BEGIN Task material
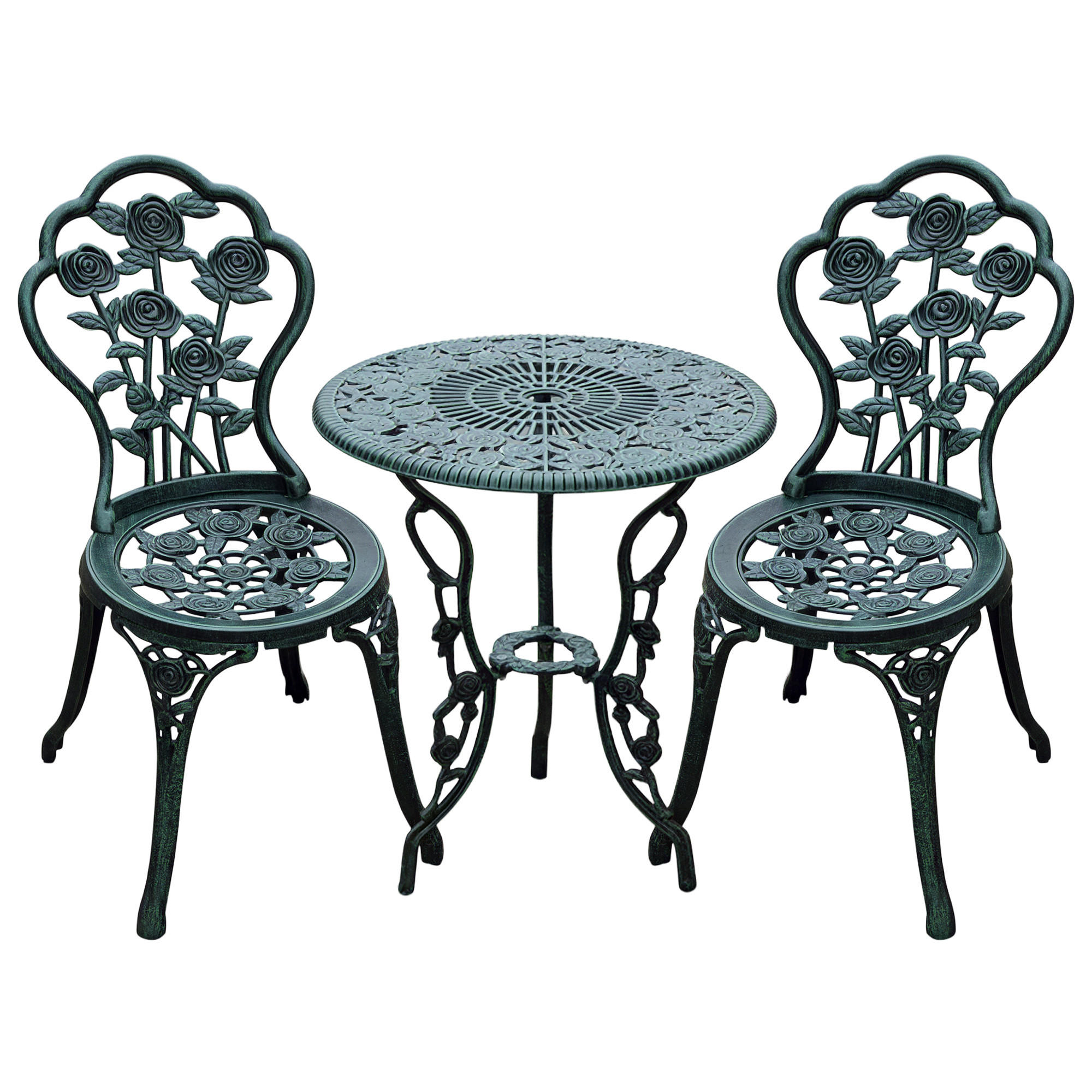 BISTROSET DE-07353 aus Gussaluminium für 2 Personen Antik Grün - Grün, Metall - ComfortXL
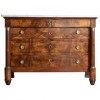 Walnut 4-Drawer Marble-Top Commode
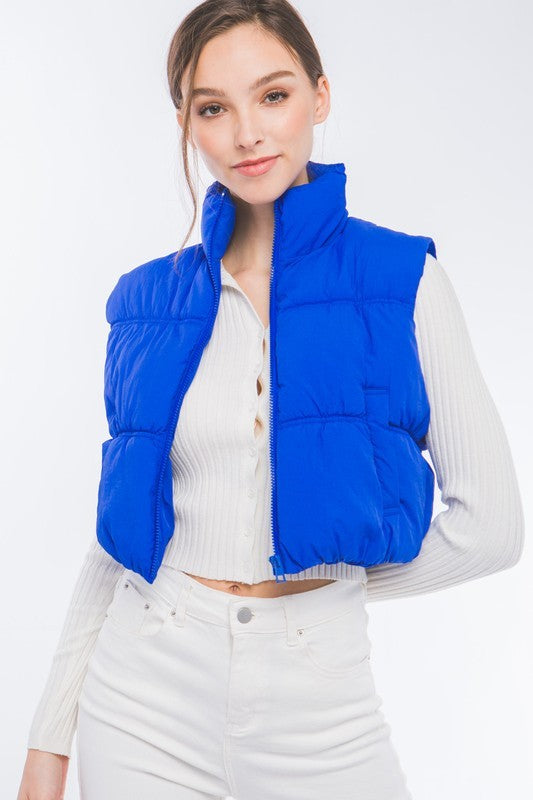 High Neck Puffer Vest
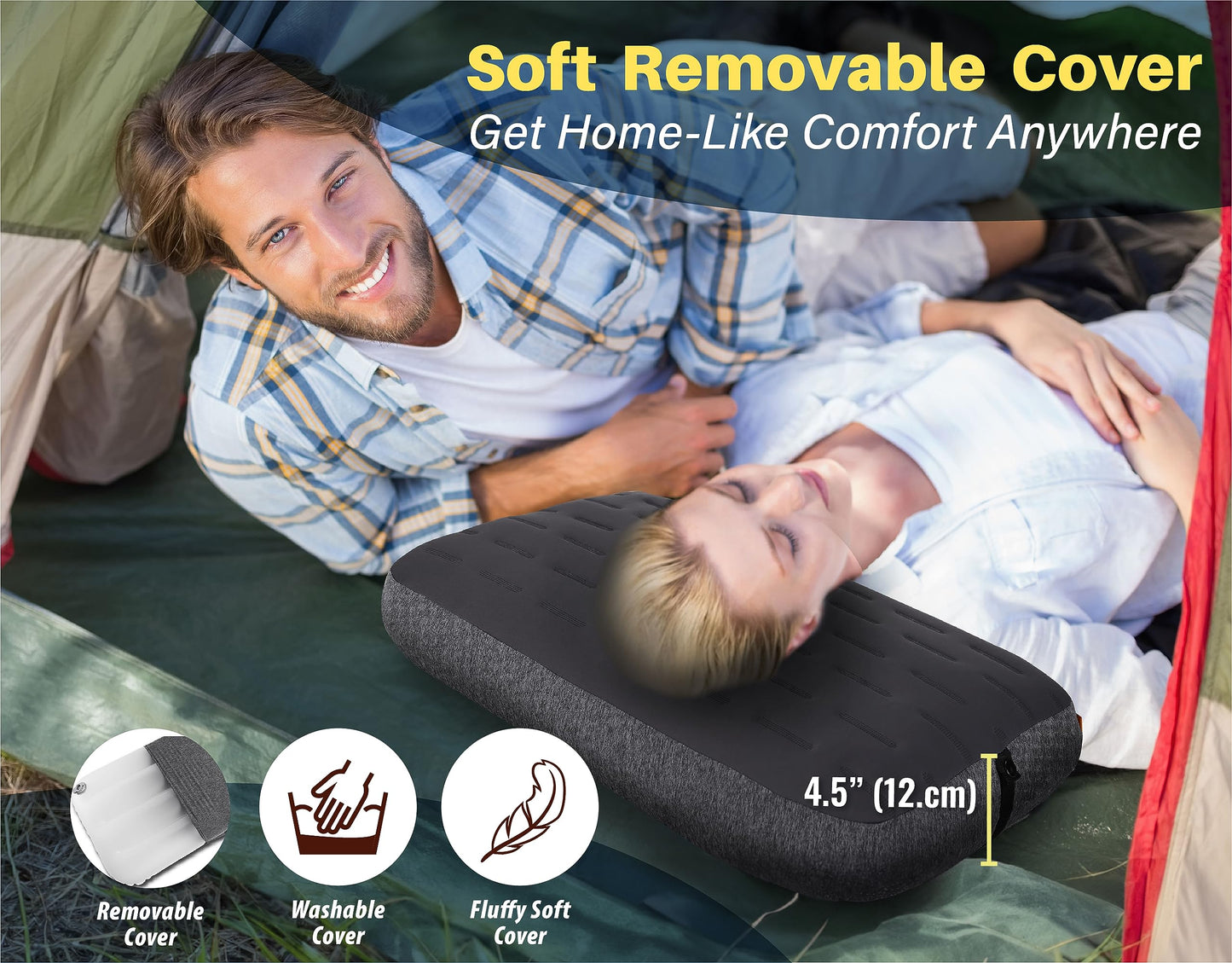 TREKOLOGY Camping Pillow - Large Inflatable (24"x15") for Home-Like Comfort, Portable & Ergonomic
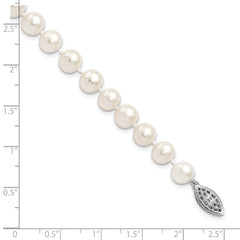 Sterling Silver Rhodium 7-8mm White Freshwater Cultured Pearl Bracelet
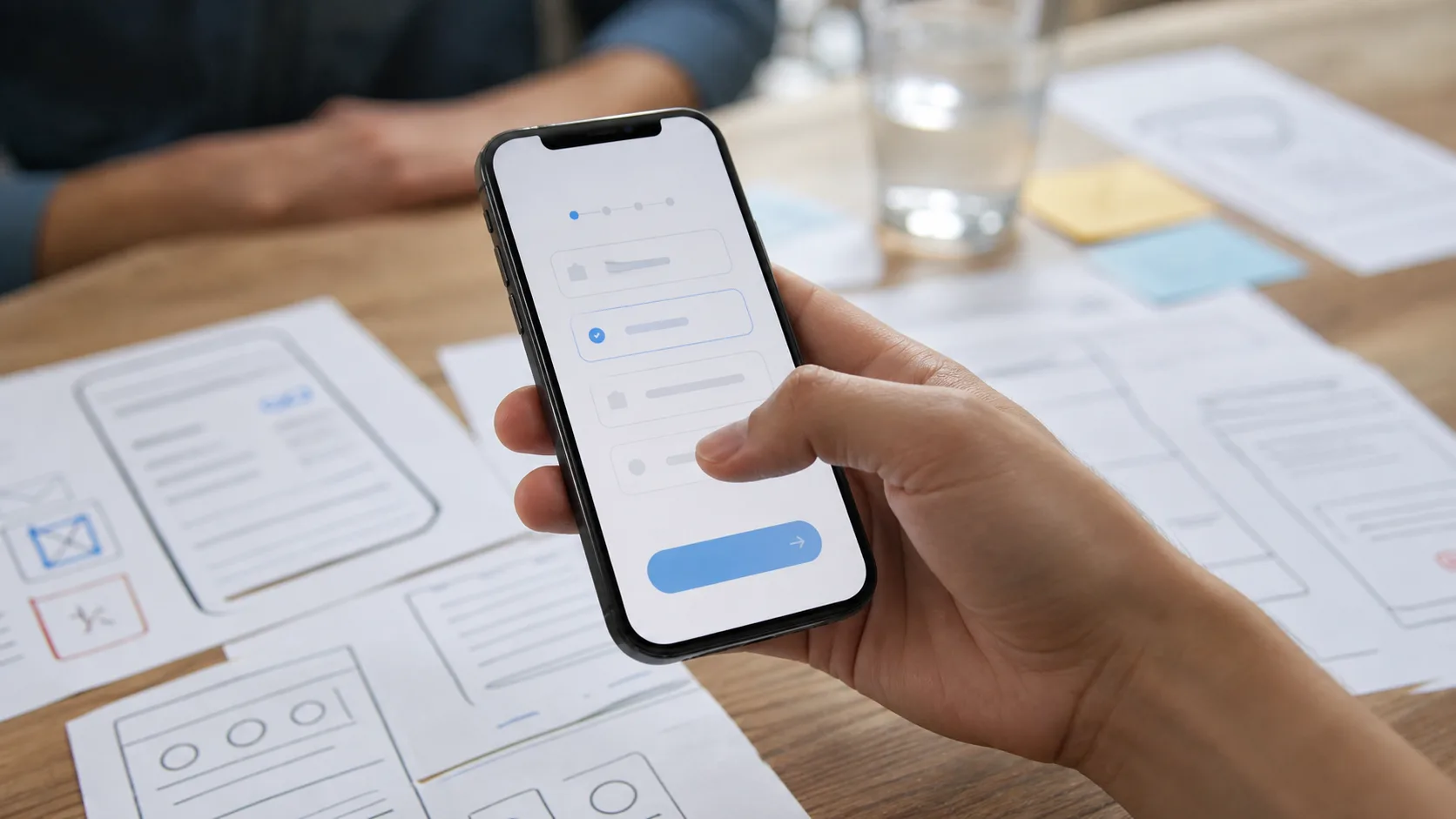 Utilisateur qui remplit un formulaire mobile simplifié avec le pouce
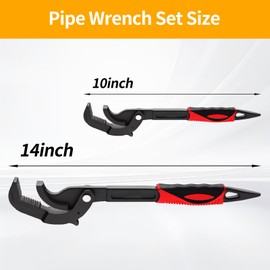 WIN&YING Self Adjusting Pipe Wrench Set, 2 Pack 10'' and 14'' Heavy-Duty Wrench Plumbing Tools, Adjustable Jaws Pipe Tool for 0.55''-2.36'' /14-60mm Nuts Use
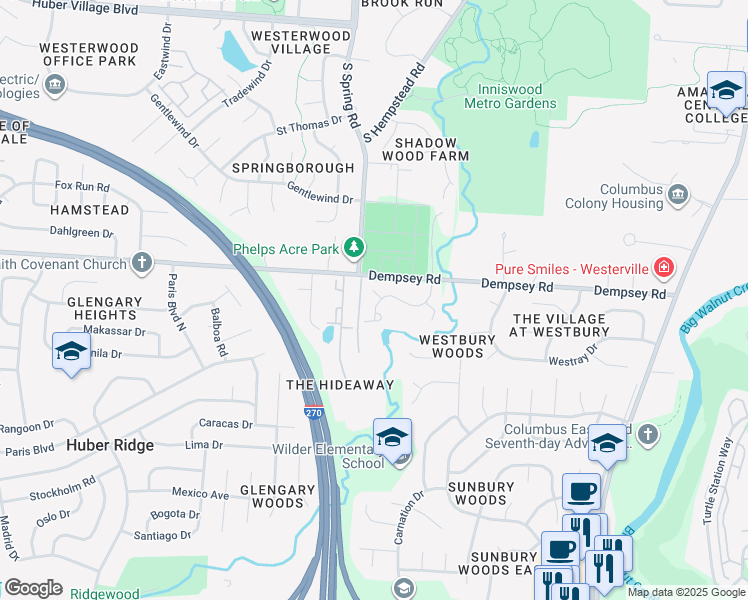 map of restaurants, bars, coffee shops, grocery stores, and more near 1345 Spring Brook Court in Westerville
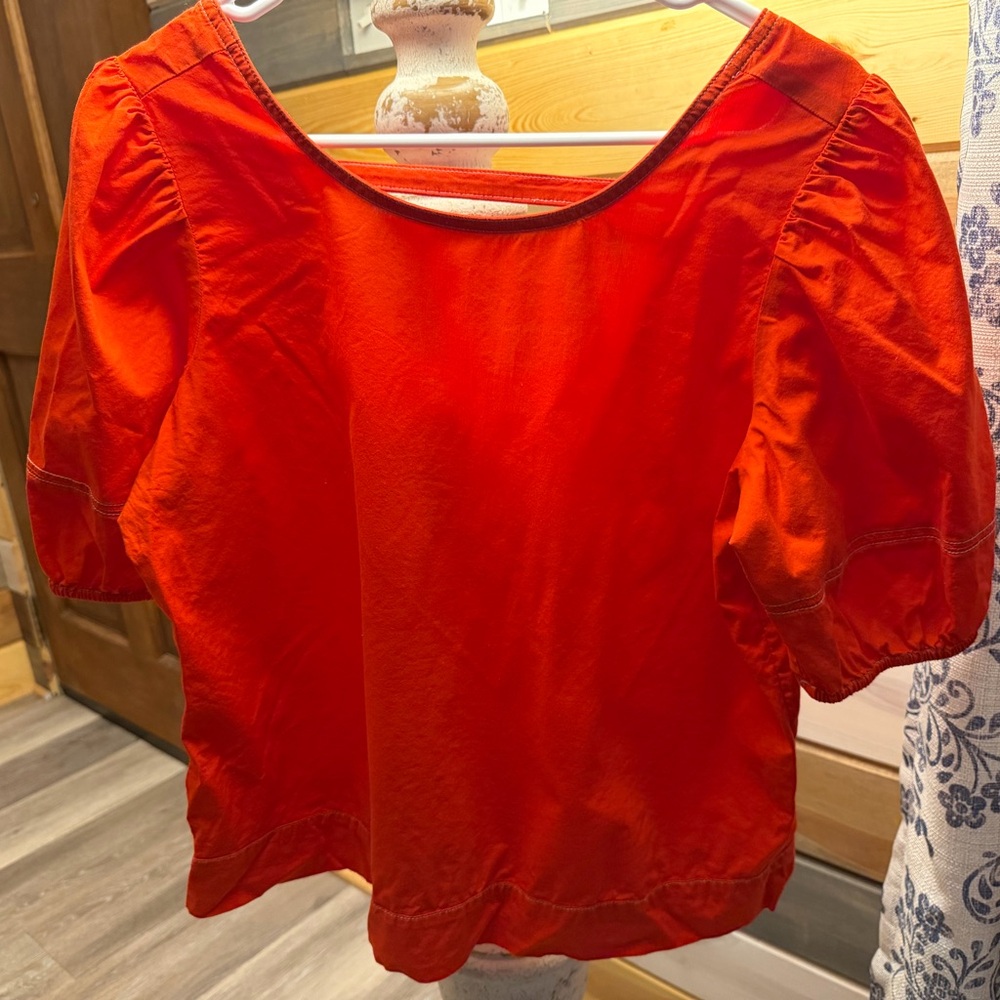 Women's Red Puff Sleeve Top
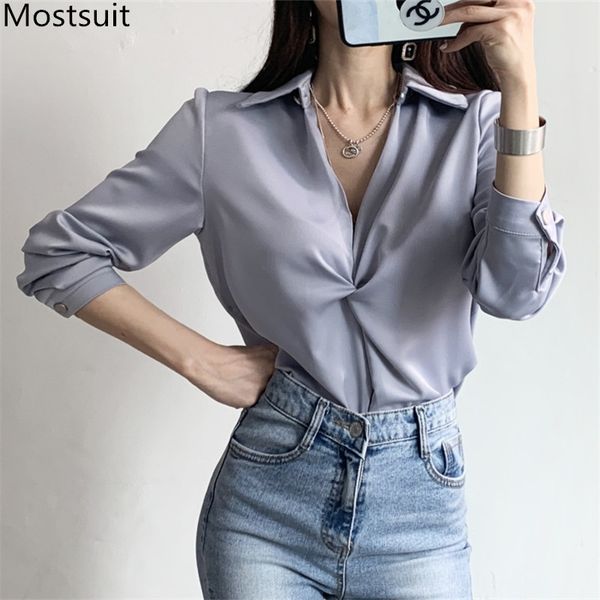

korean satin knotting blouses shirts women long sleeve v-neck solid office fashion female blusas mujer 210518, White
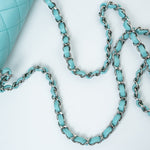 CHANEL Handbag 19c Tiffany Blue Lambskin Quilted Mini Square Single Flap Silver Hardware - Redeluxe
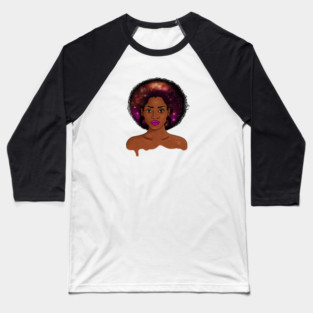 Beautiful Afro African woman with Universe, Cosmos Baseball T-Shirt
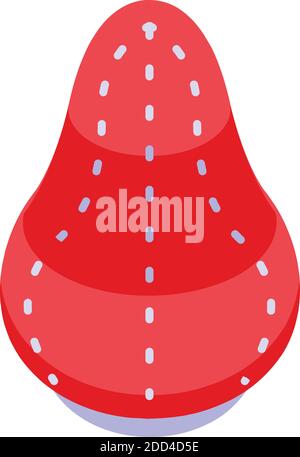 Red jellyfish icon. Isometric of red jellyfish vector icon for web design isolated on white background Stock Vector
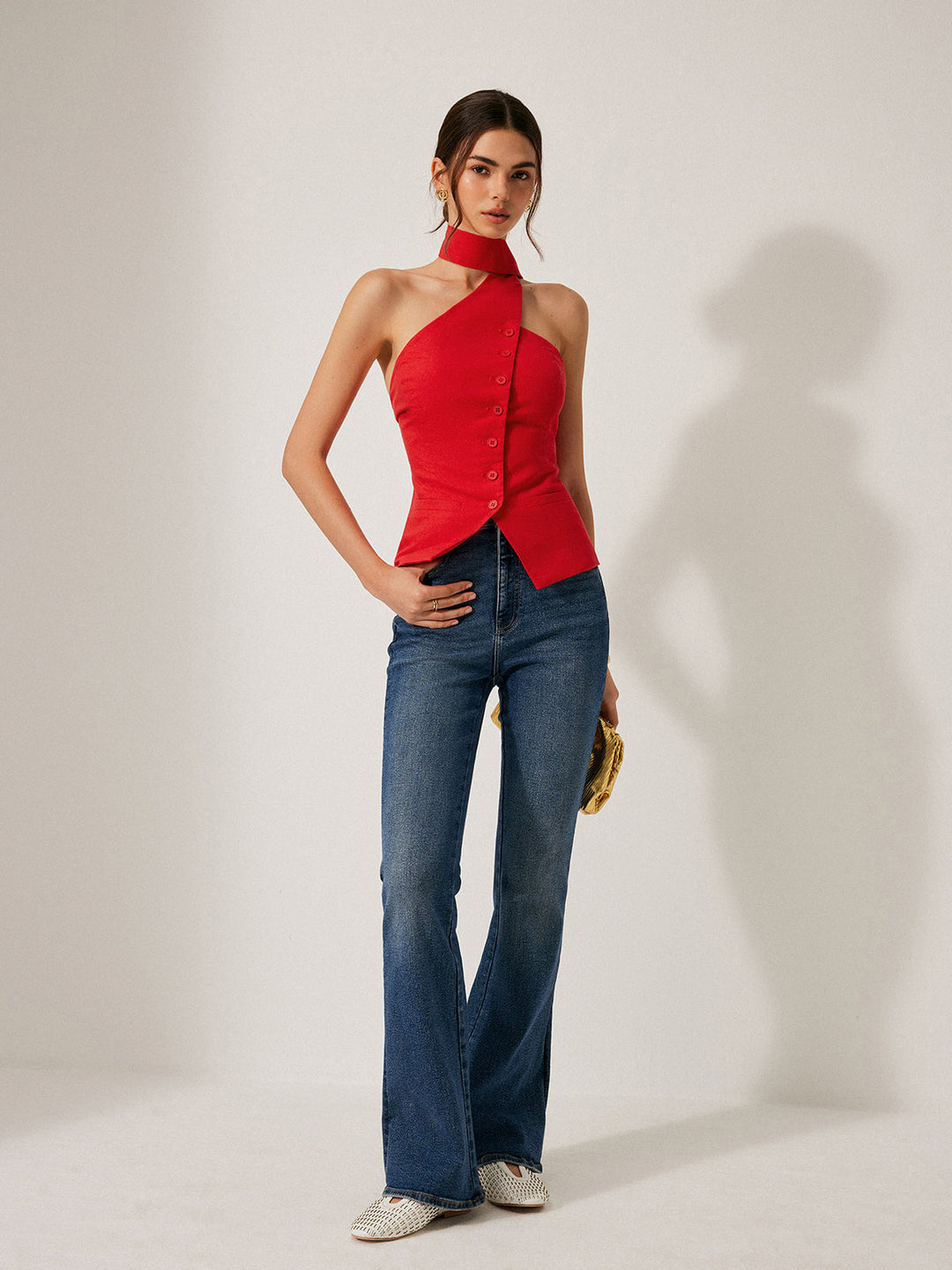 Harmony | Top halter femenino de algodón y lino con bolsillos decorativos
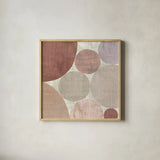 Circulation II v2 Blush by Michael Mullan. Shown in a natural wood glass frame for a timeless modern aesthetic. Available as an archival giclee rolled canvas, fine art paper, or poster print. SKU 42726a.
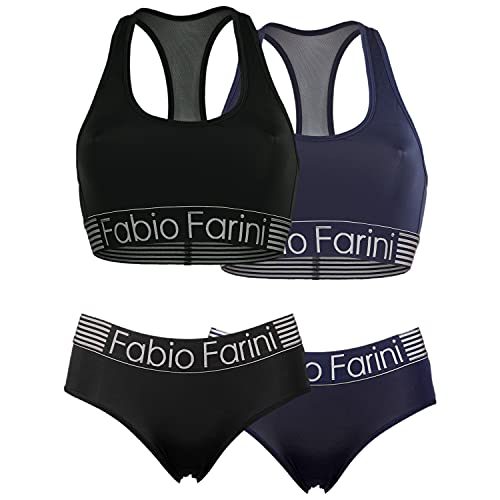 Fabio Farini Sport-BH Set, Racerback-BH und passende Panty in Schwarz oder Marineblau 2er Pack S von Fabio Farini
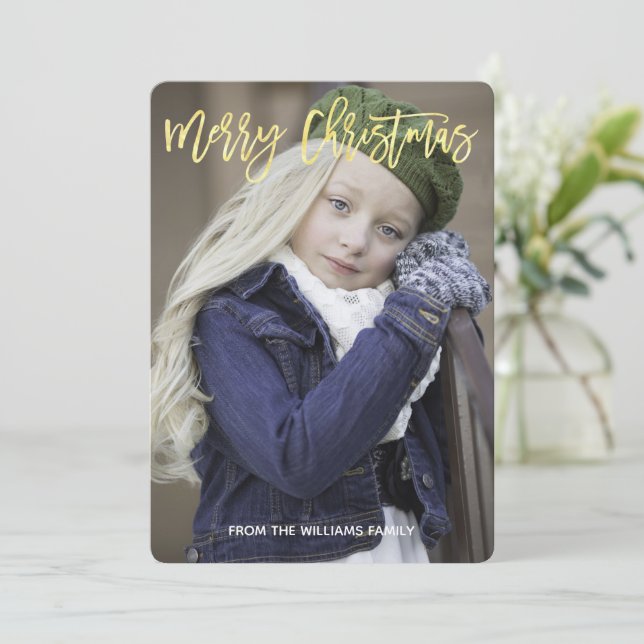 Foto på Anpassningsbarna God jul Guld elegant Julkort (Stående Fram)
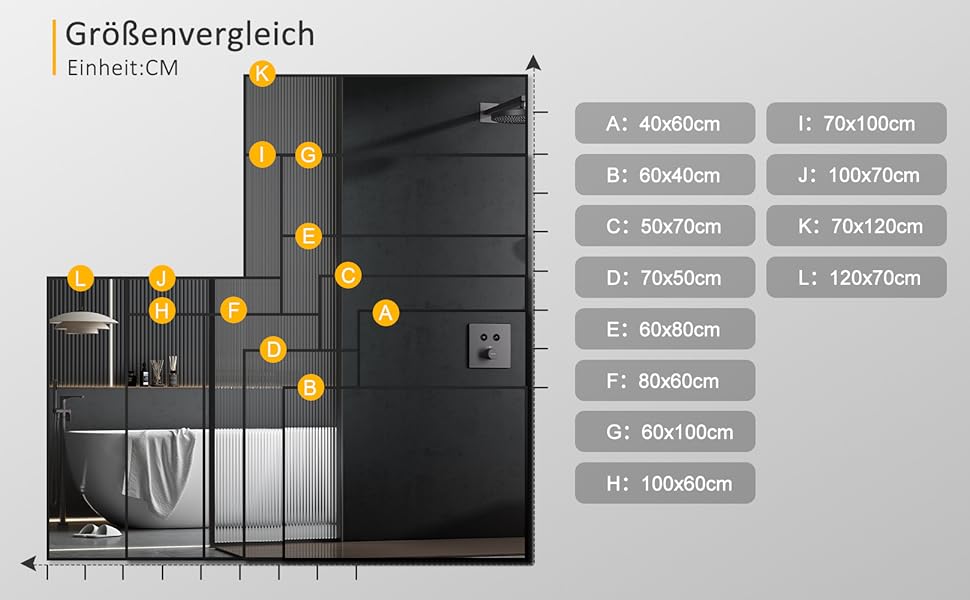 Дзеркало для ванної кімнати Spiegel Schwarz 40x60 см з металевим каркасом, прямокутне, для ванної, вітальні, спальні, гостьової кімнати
END Task material
→ **What to produce**
Return the lines above from the one with "Red jellyfish icon." through the one with "Circulation II v2", verbatim and nothing else. Omit every picture.

→ **Answer to this task**
 Red jellyfish icon. Isometric of red jellyfish vector icon for web design isolated on white background Stock Vector
 Harmony | Top halter femenino de algodón y lino con bolsillos decorativos
 Circulation II v2 Blush by Michael Mullan. Shown in a natural wood glass frame for a timeless modern aesthetic. Available as an archival giclee rolled canvas, fine art paper, or poster print. SKU 42726a.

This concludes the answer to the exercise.